(Exercise details): Say how many lines of the listing below hold the word "black". Give only that number.

(Given information):
Content starts

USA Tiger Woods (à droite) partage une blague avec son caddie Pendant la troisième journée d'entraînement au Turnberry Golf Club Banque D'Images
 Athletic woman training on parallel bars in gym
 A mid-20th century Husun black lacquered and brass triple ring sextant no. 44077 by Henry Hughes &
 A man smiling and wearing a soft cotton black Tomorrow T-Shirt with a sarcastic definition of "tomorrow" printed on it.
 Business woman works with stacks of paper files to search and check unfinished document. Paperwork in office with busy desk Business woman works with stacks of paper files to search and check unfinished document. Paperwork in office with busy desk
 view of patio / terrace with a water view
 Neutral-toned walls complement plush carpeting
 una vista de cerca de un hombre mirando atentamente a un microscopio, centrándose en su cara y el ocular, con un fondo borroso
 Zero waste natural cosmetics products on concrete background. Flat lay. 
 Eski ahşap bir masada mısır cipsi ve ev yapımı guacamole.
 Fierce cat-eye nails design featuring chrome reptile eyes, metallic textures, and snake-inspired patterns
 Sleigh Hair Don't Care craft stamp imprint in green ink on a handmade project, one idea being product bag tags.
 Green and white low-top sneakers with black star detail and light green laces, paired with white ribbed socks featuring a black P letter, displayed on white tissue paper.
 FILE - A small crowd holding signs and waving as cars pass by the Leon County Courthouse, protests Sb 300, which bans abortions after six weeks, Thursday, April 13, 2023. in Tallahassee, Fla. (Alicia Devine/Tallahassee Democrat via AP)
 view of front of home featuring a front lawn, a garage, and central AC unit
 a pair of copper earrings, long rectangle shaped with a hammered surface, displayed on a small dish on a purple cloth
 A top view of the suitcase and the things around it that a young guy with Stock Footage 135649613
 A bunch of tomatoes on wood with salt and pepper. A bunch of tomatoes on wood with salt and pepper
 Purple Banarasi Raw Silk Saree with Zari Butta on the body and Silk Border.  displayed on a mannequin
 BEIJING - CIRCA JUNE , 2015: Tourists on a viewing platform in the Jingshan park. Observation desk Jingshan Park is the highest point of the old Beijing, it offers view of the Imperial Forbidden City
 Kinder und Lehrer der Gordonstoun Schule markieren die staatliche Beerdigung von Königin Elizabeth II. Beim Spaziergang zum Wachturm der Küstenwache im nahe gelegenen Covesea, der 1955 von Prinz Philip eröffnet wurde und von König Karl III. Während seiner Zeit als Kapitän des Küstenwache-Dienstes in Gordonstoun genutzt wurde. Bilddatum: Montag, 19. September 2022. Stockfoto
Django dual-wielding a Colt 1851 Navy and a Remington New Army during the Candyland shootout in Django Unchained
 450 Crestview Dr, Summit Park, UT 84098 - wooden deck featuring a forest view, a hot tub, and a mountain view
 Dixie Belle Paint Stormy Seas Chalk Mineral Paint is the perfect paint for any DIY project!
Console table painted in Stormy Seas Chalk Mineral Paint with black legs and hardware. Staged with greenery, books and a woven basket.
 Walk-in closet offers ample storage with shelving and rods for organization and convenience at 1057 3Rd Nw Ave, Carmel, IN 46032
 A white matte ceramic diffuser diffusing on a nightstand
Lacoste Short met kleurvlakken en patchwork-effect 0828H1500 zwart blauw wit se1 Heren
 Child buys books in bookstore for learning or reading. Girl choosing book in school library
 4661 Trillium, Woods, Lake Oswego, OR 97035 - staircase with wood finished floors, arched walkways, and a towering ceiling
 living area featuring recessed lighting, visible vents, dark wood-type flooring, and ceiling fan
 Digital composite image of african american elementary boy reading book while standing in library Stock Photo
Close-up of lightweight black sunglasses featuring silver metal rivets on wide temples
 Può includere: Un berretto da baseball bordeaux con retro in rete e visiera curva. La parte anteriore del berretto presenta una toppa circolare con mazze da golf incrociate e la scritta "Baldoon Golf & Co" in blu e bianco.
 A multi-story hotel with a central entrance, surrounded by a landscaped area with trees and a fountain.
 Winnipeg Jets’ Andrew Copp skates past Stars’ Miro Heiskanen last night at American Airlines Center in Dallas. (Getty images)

Content ends

(Reply): 5